Problem to solve => From the line containing "2014 Toyota Prius" down to the last line of the records below, restate each line word for word and leave out the rest.

Records for this exercise =>
┏━━

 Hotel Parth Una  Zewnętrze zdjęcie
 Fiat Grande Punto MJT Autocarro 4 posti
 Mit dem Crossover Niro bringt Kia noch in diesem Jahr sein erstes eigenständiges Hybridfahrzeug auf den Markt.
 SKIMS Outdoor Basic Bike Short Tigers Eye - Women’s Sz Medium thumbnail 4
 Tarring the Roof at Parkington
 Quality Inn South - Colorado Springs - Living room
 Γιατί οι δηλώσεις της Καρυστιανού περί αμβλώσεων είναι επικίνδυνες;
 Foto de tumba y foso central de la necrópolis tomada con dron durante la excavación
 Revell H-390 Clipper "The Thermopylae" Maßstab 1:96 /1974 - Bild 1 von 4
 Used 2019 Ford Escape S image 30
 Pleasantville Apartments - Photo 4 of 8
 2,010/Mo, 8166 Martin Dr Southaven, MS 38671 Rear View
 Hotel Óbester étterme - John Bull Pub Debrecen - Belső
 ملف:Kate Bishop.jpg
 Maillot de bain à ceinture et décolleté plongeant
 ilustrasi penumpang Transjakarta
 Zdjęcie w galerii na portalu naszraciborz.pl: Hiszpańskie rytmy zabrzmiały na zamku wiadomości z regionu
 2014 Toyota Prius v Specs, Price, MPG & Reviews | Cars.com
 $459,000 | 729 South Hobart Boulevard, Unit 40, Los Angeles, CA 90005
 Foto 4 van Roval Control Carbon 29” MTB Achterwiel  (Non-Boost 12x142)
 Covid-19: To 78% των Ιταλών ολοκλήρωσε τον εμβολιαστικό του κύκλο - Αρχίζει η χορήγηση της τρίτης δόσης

┗━━

Exercise result =>
 2014 Toyota Prius v Specs, Price, MPG & Reviews | Cars.com
 $459,000 | 729 South Hobart Boulevard, Unit 40, Los Angeles, CA 90005
 Foto 4 van Roval Control Carbon 29” MTB Achterwiel  (Non-Boost 12x142)
 Covid-19: To 78% των Ιταλών ολοκλήρωσε τον εμβολιαστικό του κύκλο - Αρχίζει η χορήγηση της τρίτης δόσης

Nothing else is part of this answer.